◆ PROVIDED DATA:

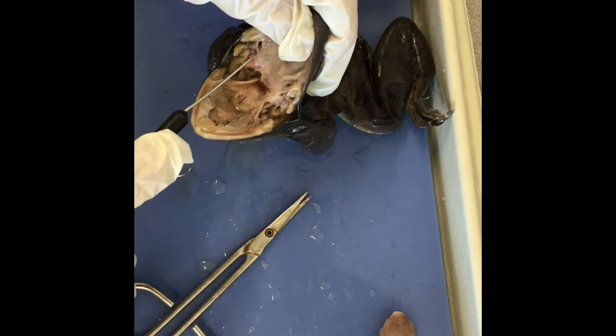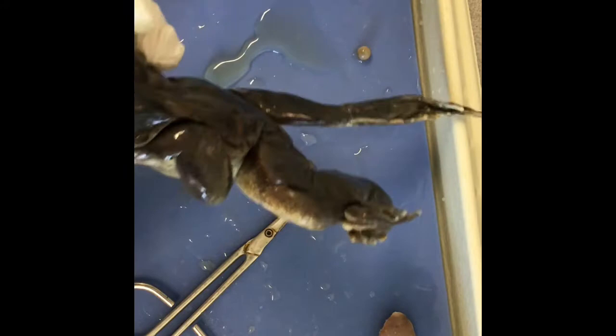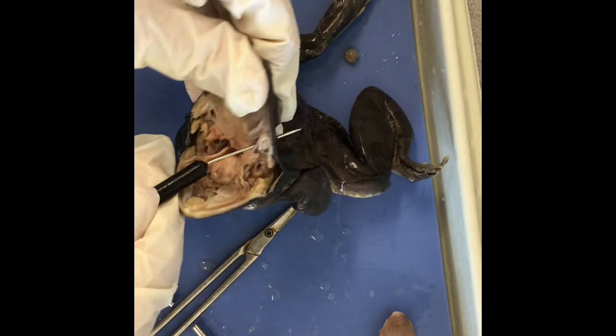On the side here, you can see these two holes. They are the eustachian tubes, used for equalizing pressure in the frog's ear, and they lead to the tympanic membrane. If you poke through that hole, it leads to the tympanic membrane, which is essentially the outer ear. So: eustachian tube — inner ear; tympanic membrane — outer ear.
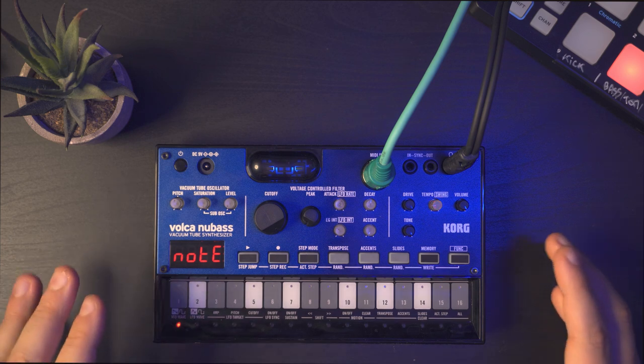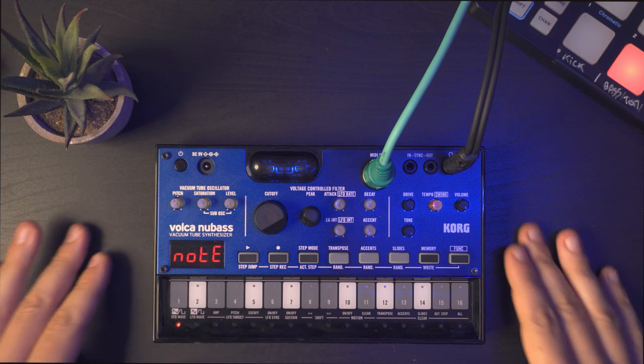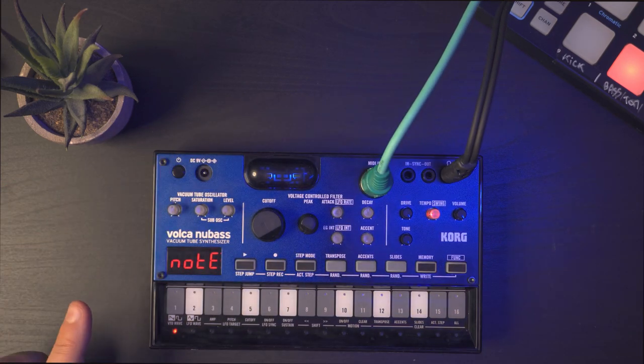The characteristic of this synth is that it has a vacuum tube oscillator, and it also has a sub oscillator that you can add vacuum tube saturation on top of. For power, it works with a battery but you can also use a DC 9V adapter. Just keep in mind that it's not working with a guitar adapter, so you have to double check if you need a special one.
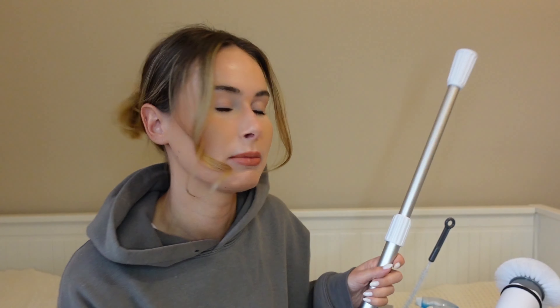I get asked a lot about what cleaning products I recommend, so whilst I've got them all here in a little cleaning caddy, I thought I'd just talk through all my favorite cleaning products at the moment. It does change because I like to try new products, but these are the ones I'm using right now.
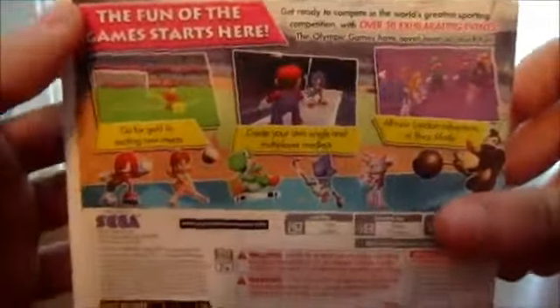This series doesn't get a lot of great reviews or anything like that, and the 3DS version didn't really get a good review. But I was just like, I'm going to go on and try it out and see what I think about the game. So let's go on and open this puppy right here.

◆ WORK INSTRUCTIONS: Write out, exactly as they appear, the lines from the one containing "I get asked" through the end of the material above, excluding pictures.

◆ RESULT FOR THIS TASK:
I get asked a lot about what cleaning products I recommend, so whilst I've got them all here in a little cleaning caddy, I thought I'd just talk through all my favorite cleaning products at the moment. It does change because I like to try new products, but these are the ones I'm using right now.
This series doesn't get a lot of great reviews or anything like that, and the 3DS version didn't really get a good review. But I was just like, I'm going to go on and try it out and see what I think about the game. So let's go on and open this puppy right here.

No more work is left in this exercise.